INPUT DATA:
══════
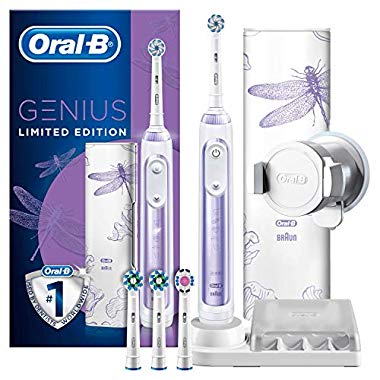 Oral-B Genius 9000 Electric Toothbrush, Orchid Purple App Connected Handle,6 Modes Including Whitening, Sensitive and Gum Care, Pressure Sensor,4 Toothbrush Heads, Dragonfly Design USB Travel Case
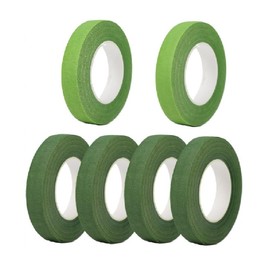 Artificial Flower Set Flora Tape, Set of 6, Artificial Flower Tape, 12mm Wide, Flower Glue Crafts, DIY Flower Arrangement Kit(2 Light Green+4 Green)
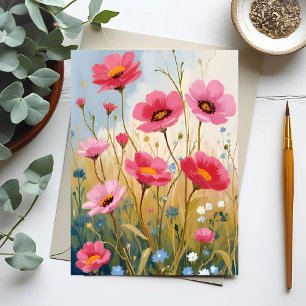 Postal Flores sonrojadas   Pradera floral de flores rosad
══════
TASK DETAILS: Could you repeat each line above exactly as written? Omit the pictures.

PROBLEM SOLUTION:
 Oral-B Genius 9000 Electric Toothbrush, Orchid Purple App Connected Handle,6 Modes Including Whitening, Sensitive and Gum Care, Pressure Sensor,4 Toothbrush Heads, Dragonfly Design USB Travel Case
 Artificial Flower Set Flora Tape, Set of 6, Artificial Flower Tape, 12mm Wide, Flower Glue Crafts, DIY Flower Arrangement Kit(2 Light Green+4 Green)
 Postal Flores sonrojadas   Pradera floral de flores rosad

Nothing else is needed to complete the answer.